In the wake of the Paris attacks, American politicians of all stripes are rushing to burnish their security credentials. In their proposals they are undermining the one measure that might exhibit America’s basic motives in Syria, while adding nothing to U.S. security. House bill 4038, imposing extra screenings on Syrian refugees, and calls by governors, including at least one Democrat, to deny them entry, ignore what refugees are.
Of course we must be vigilant against terrorism. Many measures aimed at border security, some very uncomfortable, may well prove necessary. But the politicians are aiming at exactly the wrong target. They need to recall certain facts.
First, a widely overlooked point: “refugee” has a very specific meaning in law and administrative practice, distinct from other types of migrant. The UN formally defines refugees as persons fleeing persecution, which is the necessary condition even to consider anyone for U..S refugee status. The Paris attackers were not refugees; they already lived in Europe. Several travelled to and from the Middle East, but only one attacker seems even to have moved along current refugee routes.
Second, fear that terrorists could infiltrate the refugee system is understandable for anyone unfamiliar with the U.S. process. But our existing system has multiple layers of monitoring and support, in effective, long-established practices. As noted by Ambassador Ryan Crocker in the Wall Street Journal, multiple agencies, including Homeland Security and the FBI, vet all refugee candidates under consideration. A U.S. diplomat, with experience processing Middle Eastern refugees, corroborates to me that every case undergoes a multi-phased examination before gaining refugee status.
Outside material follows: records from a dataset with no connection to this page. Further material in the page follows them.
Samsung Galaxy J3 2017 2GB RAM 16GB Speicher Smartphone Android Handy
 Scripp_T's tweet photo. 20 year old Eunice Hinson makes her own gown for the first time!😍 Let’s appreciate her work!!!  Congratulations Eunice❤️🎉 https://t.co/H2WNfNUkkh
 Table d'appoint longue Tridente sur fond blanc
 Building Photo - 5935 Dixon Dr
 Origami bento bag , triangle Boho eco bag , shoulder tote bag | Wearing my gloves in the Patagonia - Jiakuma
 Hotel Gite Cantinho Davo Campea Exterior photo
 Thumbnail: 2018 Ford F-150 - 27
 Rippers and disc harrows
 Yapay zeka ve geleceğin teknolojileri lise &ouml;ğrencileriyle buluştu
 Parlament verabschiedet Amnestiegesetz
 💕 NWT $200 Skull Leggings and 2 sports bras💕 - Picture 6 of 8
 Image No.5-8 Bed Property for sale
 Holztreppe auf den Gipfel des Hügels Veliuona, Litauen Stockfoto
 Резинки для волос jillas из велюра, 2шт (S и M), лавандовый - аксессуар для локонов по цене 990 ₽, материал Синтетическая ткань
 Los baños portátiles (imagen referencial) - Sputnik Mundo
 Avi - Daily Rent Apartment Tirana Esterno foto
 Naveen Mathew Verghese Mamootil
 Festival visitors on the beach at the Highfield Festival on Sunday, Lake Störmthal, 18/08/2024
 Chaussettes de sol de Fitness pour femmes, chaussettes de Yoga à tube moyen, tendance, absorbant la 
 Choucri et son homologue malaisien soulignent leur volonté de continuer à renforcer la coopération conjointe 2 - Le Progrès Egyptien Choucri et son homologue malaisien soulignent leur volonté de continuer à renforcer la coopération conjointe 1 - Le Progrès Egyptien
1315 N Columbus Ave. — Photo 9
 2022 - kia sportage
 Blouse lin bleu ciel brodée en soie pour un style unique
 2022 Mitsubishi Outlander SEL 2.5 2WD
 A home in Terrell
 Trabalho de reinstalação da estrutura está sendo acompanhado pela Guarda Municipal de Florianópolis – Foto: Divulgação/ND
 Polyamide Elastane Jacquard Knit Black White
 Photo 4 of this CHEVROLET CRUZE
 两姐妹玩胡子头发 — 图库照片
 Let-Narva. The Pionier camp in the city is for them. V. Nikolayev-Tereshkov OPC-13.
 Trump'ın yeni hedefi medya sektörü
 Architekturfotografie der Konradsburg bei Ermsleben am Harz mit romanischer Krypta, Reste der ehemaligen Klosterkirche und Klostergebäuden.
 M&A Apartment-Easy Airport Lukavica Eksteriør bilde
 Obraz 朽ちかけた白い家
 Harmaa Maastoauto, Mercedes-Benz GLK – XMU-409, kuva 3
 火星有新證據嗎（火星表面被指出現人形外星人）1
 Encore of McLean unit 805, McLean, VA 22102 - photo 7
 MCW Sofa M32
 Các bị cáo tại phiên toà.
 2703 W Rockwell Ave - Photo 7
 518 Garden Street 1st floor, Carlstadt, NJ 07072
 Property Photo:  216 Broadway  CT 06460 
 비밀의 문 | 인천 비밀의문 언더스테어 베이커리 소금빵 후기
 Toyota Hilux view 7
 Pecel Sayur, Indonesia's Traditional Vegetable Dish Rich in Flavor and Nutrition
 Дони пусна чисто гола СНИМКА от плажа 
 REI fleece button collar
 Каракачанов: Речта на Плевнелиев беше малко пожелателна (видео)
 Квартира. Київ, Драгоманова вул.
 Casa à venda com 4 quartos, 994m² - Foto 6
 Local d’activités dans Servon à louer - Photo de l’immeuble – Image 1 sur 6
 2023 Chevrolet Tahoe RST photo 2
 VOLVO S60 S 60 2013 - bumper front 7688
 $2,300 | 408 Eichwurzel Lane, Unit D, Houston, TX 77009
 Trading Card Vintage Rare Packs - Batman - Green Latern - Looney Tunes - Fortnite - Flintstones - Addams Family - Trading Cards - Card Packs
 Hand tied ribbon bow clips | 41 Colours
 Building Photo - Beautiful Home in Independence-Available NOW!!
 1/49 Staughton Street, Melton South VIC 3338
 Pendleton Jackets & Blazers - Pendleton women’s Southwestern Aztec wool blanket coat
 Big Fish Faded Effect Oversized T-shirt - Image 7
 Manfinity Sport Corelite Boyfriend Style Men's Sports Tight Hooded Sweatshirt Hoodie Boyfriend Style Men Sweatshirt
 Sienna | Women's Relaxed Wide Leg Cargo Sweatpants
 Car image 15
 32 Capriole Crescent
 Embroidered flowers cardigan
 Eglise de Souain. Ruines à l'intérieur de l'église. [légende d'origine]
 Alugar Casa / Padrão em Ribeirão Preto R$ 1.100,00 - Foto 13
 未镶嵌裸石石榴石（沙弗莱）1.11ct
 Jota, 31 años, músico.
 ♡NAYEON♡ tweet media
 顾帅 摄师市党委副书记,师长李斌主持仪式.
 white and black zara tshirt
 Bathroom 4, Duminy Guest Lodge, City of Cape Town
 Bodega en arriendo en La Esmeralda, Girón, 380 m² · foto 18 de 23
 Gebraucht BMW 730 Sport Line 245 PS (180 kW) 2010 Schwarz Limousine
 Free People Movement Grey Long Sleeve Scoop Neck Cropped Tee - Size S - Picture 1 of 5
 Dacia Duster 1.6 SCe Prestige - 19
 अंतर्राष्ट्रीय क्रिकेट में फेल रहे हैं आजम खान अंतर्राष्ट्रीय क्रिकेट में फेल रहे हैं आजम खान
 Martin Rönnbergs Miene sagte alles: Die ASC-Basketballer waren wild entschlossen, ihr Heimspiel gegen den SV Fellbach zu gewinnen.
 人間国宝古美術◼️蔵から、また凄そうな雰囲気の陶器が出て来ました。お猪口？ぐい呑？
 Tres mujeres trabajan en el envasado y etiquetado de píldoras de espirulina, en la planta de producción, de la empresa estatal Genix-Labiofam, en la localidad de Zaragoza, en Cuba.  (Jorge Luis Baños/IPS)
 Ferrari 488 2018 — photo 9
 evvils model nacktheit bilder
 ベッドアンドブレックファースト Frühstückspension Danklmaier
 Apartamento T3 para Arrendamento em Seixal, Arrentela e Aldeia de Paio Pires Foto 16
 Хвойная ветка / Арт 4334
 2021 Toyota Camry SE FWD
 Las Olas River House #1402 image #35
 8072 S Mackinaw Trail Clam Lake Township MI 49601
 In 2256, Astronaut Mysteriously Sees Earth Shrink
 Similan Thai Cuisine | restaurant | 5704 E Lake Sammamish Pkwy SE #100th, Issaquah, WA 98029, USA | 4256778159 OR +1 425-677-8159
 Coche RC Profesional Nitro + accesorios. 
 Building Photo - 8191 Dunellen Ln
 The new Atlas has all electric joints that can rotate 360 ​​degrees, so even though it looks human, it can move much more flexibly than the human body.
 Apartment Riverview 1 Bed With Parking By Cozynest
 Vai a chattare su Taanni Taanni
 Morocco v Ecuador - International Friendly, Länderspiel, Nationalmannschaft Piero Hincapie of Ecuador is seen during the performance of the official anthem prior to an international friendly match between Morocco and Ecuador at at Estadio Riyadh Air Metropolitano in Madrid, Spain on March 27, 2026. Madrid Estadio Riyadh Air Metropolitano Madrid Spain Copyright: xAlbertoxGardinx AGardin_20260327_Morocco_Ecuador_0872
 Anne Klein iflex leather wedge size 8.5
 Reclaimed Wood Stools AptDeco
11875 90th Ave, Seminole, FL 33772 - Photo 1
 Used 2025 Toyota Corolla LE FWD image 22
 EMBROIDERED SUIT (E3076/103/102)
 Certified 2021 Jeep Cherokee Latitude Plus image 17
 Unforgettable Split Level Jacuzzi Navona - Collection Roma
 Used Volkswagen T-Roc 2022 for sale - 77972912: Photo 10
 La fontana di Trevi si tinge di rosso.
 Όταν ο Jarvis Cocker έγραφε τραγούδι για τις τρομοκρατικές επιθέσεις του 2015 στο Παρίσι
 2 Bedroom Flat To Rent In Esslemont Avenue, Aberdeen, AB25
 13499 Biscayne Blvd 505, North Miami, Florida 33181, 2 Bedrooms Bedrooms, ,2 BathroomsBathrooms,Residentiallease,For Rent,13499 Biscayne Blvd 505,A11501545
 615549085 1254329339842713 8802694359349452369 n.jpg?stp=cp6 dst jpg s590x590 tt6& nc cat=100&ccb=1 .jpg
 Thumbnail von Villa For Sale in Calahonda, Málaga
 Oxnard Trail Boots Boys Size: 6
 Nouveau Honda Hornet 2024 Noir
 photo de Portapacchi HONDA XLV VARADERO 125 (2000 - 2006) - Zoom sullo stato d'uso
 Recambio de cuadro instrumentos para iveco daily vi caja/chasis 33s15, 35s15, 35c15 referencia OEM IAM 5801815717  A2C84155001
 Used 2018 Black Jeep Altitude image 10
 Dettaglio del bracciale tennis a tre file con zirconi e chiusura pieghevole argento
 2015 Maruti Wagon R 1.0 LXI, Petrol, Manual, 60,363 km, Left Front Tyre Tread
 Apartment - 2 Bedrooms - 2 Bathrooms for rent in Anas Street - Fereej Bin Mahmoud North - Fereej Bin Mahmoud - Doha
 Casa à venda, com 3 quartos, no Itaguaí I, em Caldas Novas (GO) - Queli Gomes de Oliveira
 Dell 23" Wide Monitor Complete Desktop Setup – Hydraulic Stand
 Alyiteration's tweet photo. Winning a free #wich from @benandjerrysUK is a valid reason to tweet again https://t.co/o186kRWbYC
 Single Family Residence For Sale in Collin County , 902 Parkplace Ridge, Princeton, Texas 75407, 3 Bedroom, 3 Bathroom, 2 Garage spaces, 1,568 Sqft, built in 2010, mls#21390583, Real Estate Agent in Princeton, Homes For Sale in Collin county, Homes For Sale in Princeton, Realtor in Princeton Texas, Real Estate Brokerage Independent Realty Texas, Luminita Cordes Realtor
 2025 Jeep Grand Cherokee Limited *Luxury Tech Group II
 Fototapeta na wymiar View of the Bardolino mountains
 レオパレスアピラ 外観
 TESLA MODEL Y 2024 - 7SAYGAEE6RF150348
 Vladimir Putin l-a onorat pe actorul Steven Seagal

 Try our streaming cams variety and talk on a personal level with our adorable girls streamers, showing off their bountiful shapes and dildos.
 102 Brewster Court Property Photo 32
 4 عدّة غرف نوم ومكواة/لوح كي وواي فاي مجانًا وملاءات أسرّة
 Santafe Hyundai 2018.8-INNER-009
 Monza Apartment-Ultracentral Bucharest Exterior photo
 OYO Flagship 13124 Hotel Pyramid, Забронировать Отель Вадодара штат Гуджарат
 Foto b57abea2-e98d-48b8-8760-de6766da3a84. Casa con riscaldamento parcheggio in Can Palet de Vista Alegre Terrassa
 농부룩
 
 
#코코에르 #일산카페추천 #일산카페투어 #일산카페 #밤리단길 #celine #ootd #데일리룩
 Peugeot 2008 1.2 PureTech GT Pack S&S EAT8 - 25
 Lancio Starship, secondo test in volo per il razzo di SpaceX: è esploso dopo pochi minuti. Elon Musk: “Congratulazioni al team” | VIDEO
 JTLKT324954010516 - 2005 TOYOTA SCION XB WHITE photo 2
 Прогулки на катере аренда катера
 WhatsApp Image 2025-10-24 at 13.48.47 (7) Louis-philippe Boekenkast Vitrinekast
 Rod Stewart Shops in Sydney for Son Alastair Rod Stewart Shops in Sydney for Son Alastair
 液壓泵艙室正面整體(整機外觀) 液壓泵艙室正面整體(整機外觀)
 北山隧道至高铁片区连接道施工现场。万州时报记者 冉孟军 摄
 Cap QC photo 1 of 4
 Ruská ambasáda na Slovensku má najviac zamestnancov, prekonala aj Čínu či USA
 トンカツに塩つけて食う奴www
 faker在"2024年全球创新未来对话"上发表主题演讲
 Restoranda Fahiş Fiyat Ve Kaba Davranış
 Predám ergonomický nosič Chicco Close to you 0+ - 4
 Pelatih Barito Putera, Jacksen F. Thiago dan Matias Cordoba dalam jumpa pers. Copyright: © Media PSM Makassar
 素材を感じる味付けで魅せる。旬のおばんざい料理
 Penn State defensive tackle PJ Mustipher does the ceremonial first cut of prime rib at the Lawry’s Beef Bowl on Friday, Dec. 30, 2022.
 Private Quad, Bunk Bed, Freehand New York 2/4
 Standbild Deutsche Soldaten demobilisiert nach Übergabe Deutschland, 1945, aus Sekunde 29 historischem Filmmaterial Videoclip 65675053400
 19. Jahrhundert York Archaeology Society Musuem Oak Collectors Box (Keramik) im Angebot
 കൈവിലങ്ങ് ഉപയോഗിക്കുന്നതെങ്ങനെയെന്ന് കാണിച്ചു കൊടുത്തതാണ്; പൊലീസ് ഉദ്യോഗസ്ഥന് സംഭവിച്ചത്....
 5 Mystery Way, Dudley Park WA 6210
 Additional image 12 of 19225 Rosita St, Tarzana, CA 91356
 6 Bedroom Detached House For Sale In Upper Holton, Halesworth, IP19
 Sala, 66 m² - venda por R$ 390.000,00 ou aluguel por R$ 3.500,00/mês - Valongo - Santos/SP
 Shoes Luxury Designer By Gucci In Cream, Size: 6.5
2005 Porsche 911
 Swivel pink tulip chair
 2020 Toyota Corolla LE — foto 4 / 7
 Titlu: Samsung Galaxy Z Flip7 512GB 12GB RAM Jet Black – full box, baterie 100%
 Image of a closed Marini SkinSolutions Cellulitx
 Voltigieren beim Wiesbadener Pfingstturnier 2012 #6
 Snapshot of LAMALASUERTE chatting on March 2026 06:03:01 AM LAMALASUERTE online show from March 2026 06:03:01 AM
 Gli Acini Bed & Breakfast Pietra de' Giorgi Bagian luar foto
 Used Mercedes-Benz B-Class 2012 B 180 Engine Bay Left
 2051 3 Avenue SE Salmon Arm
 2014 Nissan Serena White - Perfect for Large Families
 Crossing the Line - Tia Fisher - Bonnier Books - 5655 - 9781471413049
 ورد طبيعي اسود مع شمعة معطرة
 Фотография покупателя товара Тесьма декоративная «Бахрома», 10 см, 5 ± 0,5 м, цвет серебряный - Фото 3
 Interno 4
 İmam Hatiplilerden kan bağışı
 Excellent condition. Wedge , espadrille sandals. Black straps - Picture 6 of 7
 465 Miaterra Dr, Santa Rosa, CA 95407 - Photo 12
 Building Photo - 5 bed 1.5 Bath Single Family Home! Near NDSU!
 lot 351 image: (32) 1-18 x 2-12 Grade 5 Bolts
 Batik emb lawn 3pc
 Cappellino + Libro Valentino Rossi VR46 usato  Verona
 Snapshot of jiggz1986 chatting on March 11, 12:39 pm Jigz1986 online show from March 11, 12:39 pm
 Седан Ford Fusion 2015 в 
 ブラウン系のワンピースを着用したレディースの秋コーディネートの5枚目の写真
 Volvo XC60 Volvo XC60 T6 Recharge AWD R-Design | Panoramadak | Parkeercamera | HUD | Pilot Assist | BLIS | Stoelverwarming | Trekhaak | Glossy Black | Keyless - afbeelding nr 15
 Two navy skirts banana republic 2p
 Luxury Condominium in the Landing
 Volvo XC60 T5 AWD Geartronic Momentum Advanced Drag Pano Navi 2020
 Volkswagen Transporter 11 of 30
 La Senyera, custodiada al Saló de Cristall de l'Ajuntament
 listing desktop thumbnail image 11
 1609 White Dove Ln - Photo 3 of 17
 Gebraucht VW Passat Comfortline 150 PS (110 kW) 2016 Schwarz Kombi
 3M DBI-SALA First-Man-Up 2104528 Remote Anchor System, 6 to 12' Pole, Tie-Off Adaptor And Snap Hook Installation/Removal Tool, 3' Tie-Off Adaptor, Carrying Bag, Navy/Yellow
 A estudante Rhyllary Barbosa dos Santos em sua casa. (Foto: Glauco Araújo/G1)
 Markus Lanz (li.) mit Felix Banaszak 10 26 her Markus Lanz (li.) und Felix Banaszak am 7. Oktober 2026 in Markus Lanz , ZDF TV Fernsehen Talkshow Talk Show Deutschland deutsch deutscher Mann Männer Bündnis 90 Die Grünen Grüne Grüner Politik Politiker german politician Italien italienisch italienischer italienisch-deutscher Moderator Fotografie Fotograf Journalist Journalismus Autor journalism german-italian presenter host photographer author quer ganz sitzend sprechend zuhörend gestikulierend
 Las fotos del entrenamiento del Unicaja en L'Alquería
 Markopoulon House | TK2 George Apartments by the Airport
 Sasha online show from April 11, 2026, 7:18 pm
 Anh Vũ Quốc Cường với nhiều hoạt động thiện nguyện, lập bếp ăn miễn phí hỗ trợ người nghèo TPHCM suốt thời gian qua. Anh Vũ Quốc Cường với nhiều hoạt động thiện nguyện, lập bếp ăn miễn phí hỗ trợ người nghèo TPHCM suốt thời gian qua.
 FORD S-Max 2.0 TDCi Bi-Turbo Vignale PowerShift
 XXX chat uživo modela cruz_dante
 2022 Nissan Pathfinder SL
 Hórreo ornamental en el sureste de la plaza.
Third, even before embarking for the U.S., refugees are connected to a resettlement organization, from one of several, long-established networks. These organizations, including my friends at the International Institute of Connecticut, work closely with incoming families and individuals. Agency staff implements the rigorous State Department-funded refugee resettlement program. Volunteers mentor each family, visiting regularly to aid in their settlement. It is a service rather than security monitoring, but the relationship keeps citizens of the local community in touch with resettling refugees.
Fourth, America does not have the communities of disaffected Middle Eastern immigrants that a terrorist needs, to build networks to plan, equip, stage, and launch attacks. Europe’s large populations of alienated Muslims are not present here, and our resettlement agencies do not dump new arrivals in any shadow-lands.
The terrorism risk posed by refugees, even specifically from Syria and Iraq, is effectively zero. Yes, rapid expansion could strain a network geared to earlier levels of activity; this would explain in part the small number of Syrian refugees—10,000—that the administration proposed to accept this fall. Large increases should be carefully planned and rigorously monitored. But to worry about radicals posing as Syrian refugees is to ignore the meaning of “refugee.”
Beyond the question of domestic security, Syria itself gives us very few pieces on which to build a palatable U.S. policy. The only real forces are ISIS and the Assad regime —which started a civil war in response to the Arab Spring. Two approaches are raised in our public discourse. The first is to establish a safe haven in Syria for Assad’s non-ISIS opponents. This keeps our hands unsullied, but requires collaboration with countries of many different stripes, and will have little direct effect on either ISIS or Assad. The second is to join pro-Assad Russia in an anti-ISIS coalition; aside from the difficulties highlighted by Turkey’s shoot-down of a Russian plane, the moral compromise here is clear.
If we must choose among such options, we will need somehow to assert a basic moral context around what will be a pragmatic choice. Islamist terrorists voice an anti-Liberal, anti-Western narrative calling us amoral and imperialistic. Choosing an evil that we calculate to be the lesser, without somehow exhibiting our overarching moral values, will help our enemies, “proving” their narrative for them.
Taking in refugees is a long standing sign of America’s best nature. The system is one of the functions in the U.S. government that has been managed, quietly and collaboratively between Congress and State, for years. Through long practice it meets the standard of responsible handling in all respects, including security.
Everyone is entitled to their concerns—fear is a response to danger. Some will still worry about refugees, even if they understand that our process already eliminates the risks. Exactly to the extent that we still carry this fear, taking in Syrians who cannot abide either ISIS or Assad becomes an act of courage, undertaken out of conviction in our values.